* _Exercise instructions_:
Using the material below, repeat exactly the lines from the one with "Used Left front" through the one with "Golden State Warriors: In The Paint", ends included, without any images.

* _Listed entries_:
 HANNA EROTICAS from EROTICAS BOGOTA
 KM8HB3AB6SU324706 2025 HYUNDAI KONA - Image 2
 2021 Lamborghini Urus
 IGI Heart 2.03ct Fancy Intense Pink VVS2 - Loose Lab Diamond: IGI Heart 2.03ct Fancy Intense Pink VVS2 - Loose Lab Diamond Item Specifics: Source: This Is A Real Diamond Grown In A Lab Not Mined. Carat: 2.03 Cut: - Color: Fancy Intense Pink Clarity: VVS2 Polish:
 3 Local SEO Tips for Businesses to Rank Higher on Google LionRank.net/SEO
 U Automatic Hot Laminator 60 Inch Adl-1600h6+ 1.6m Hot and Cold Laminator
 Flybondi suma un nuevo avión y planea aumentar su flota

* * *

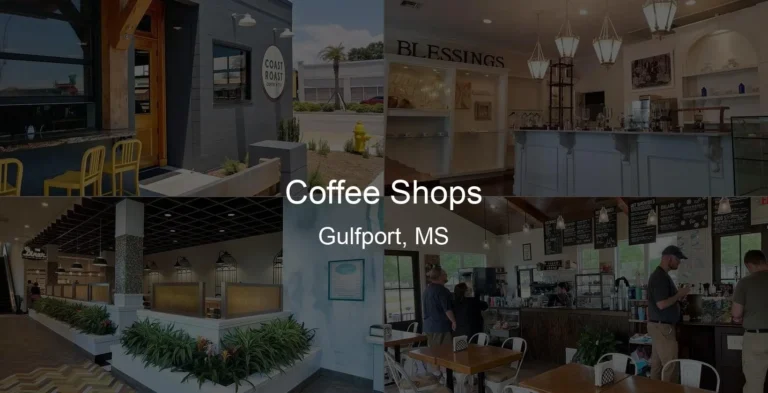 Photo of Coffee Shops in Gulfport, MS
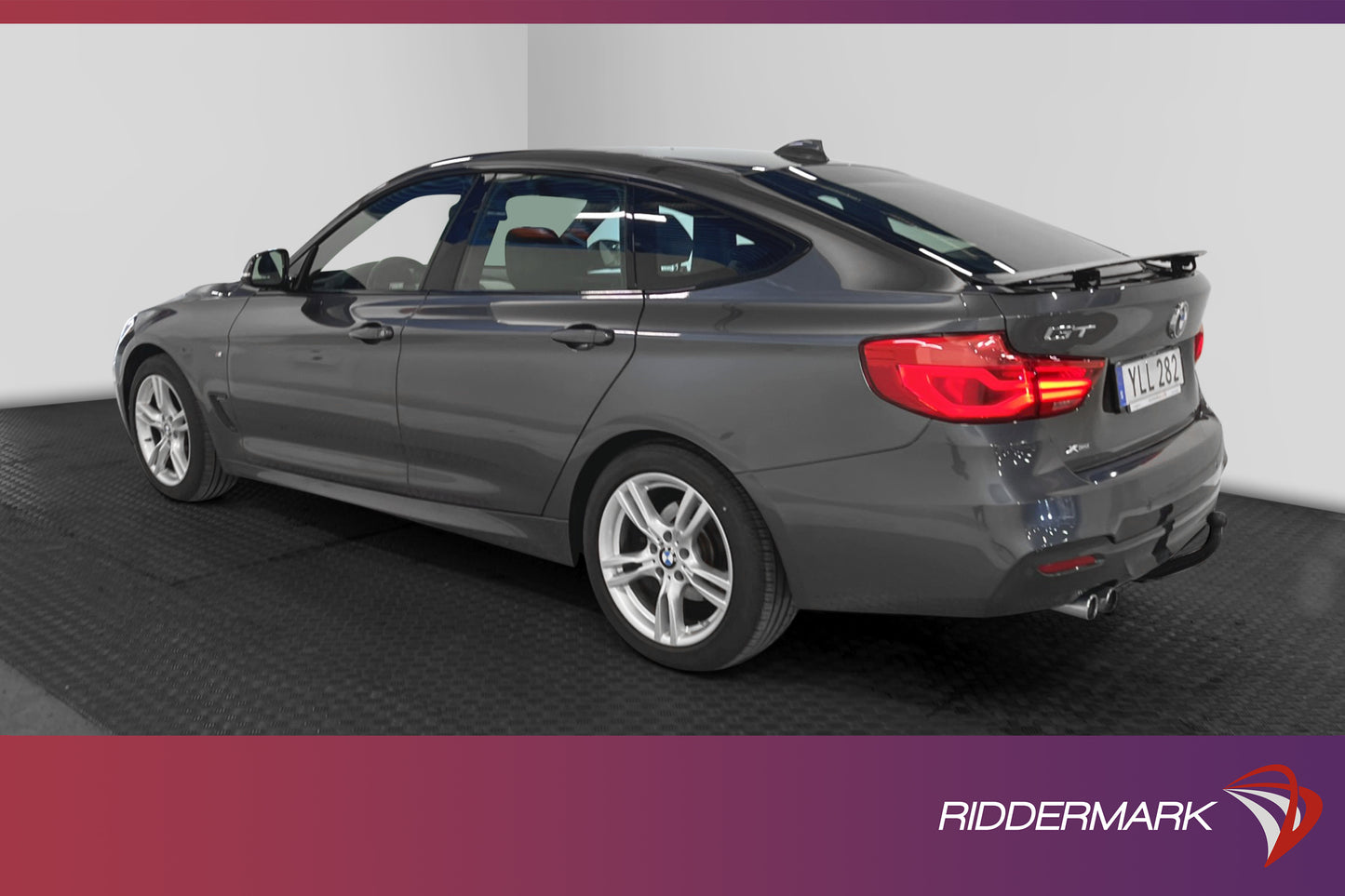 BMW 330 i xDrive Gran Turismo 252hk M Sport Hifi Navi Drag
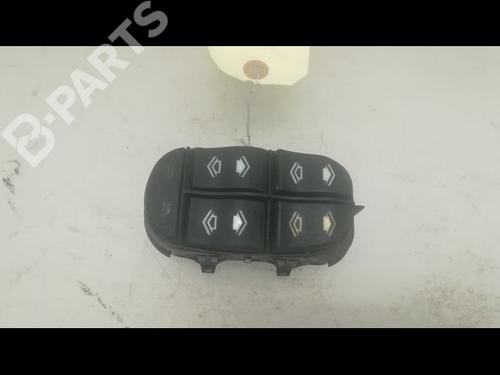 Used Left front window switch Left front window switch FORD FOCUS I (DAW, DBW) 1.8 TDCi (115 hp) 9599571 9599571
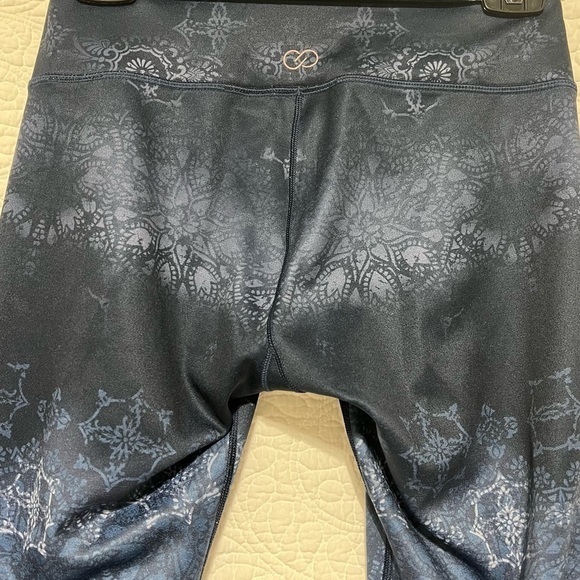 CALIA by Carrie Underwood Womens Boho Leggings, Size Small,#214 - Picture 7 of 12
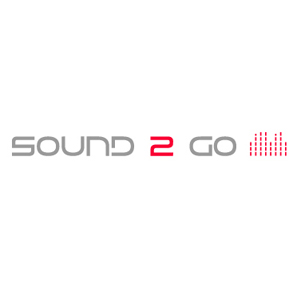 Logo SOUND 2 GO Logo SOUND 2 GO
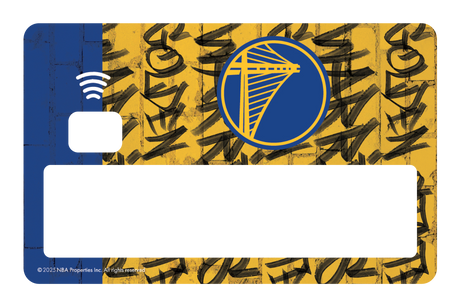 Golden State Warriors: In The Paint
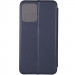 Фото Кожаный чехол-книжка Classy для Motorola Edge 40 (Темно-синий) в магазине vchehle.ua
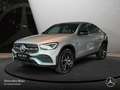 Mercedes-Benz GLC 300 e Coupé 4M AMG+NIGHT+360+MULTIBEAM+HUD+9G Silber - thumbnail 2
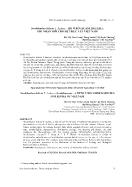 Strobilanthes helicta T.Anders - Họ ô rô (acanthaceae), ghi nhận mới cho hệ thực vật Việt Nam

* _Expected output_:
 Used Left front window switch Left front window switch FORD FOCUS I (DAW, DBW) 1.8 TDCi (115 hp) 9599571 9599571
 CALIA by Carrie Underwood Womens Boho Leggings, Size Small,#214 - Picture 7 of 12
 Logo SOUND 2 GO Logo SOUND 2 GO
 Golden State Warriors: In The Paint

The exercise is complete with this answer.